Janick Appelmans – A.J.A. Bijsterveld, M. Boone, M.J.M. Damen e.a. (ed.), Jaarboek voor Middeleeuwse Geschiedenis 13 (Hilversum: Verloren, 2010) 262p. ill. krtn. € 29,00 ISBN 978-90-8704-212-7

Het dertiende Jaarboek voor Middeleeuwse Geschiedenis brengt vijf originele bijdragen, waarbij hagiografie en historiografie een belangrijke plaats innemen. In twee bijdragen verplaatst de focus zich van een monastiek of landsheerlijk milieu naar een stedelijke context, namelijk met betrekking tot het alcoholgehalte van Stichtse en Hollandse bieren en de prosopografie van de grote kanunniken van het Brusselse Sint-Goedelekapittel in de late middeleeuwen. Een zesde onderdeel vormt het debat over de institutionele reikwijdte van Middelrijks Friesland.

In Handschriftelijke productie in tijden van hervorming analyseert Tjamke Snijders De kloosterbibliotheek van Sint-Gislenus in het tweede kwart van de elfde eeuw (p. 6-32) als bron voor de hervormingen van abt Heribrand (1024/1025 tot ca. 1051). De Kamerijkse bisschop Gerard I installeerde deze monnik na een tumultueus decennium met vier prelaten aan het hoofd van de Henegouwse benedictijnenabdij. Vijf handschriften, bewaard in de Brusselse Koninklijke Bibliotheek en de Bergense universiteitsbibliotheek vormen, zo demonstreert Snijders overtuigend, vanuit codicologisch perspectief en inhoudelijk standpunt, een samenhangende verzameling heiligenlevens, waarvan passages tijdens de metten voorgelezen werden. Voor één van de manuscripten benutte de kopiist een handschrift uit Marchiennes dat volop herschreven werd, waardoor een datering tussen 1024 en 1033 en veeleer aan het begin van deze tijdspanne erg aannemelijk is. Opvallend aan de handschriftelijke productie onder het abbatiaat van Heribrand is de afwijkende belangstelling voor patroonheiligen van kloosters uit het bisdom Luik en vooral van recent hervormde instellingen, het eerder kleine formaat van de codices en de slechte kwaliteit van gebruikte materialen. Waar Snijders voor de eerste vaststelling de uitwisseling van hagiografische geschriften om vriendschapsbanden te bekrachtigen en aldus netwerkvorming te stimuleren als mogelijke verklaring aandraagt, weigert ze een simplistisch verband te aanvaarden met de slechte financiële toestand van het klooster van Sint-Gislenus of een doelbewust beleid van soberheid en armoede in hoofde van abt Heribrand voor te stellen, omdat zowel de literatuur als haar eigen onderzoek van andere manuscripten van Sint-Gislenus evengoed voorbeelden van het tegendeel aanreiken.

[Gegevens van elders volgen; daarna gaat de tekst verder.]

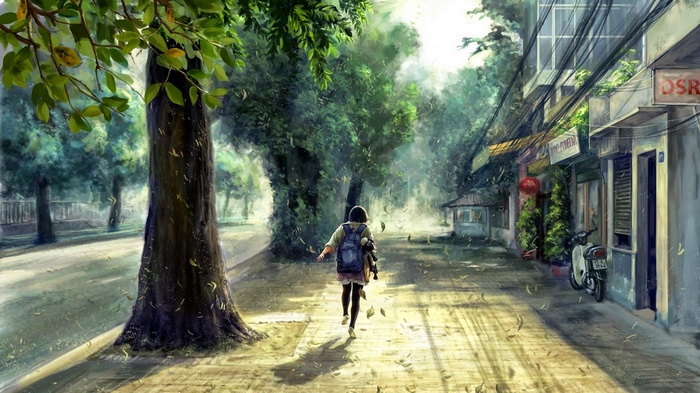 Anime girl with backpack walks down a tree-lined street
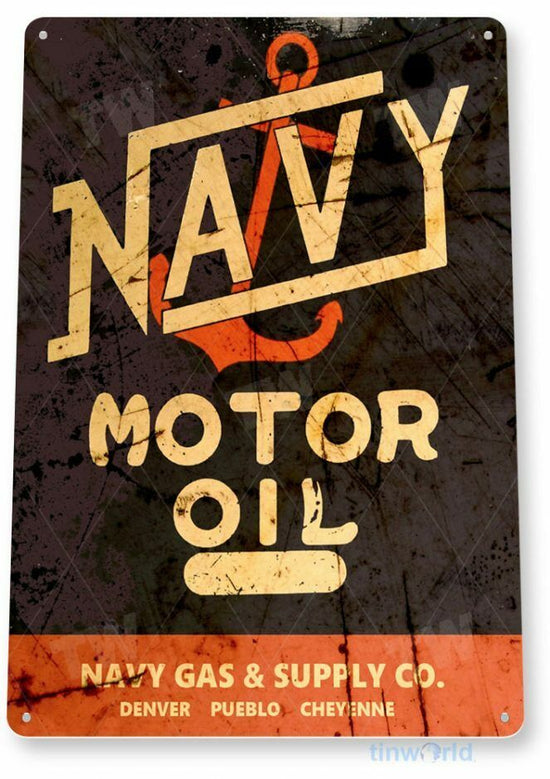 NAVY MOTOR OIL 11 X 8 TIN SIGN AUTO AUTOMOBILE MECHANIC ADVERTISEMENT GAS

In Mittelreichisches Friesland eine Markgrafschaft? (p. 33-57) stelt Johanna Maria van Winter enkele kritische vraagtekens bij Hein Jongbloeds bijdragen over de negende tot elfde-eeuwse geschiedenis, verschenen in de Jaarboeken voor Middeleeuwse Geschiedenis van 2008 en 2009. Daarbij duidt zij op enkele losse eindjes en voor discussie vatbare (familie)verbanden, zoals de door Jongbloed voorgestelde vader-zoonrelatie tussen Godfried I van Neder-Lotharingen (†964) en Arnulf van Florennes (†vermoedelijk 964), het contrast tussen de veeleer beperkte slagkracht van de prefecten en de machtsconcentratie die Jongbloed in de prefectuur zag, en het regnum dat, zo concludeert van Winter, steeds als een legitimerende referentie naar het vroegere machtsgebied van Lotharius wordt gebruikt.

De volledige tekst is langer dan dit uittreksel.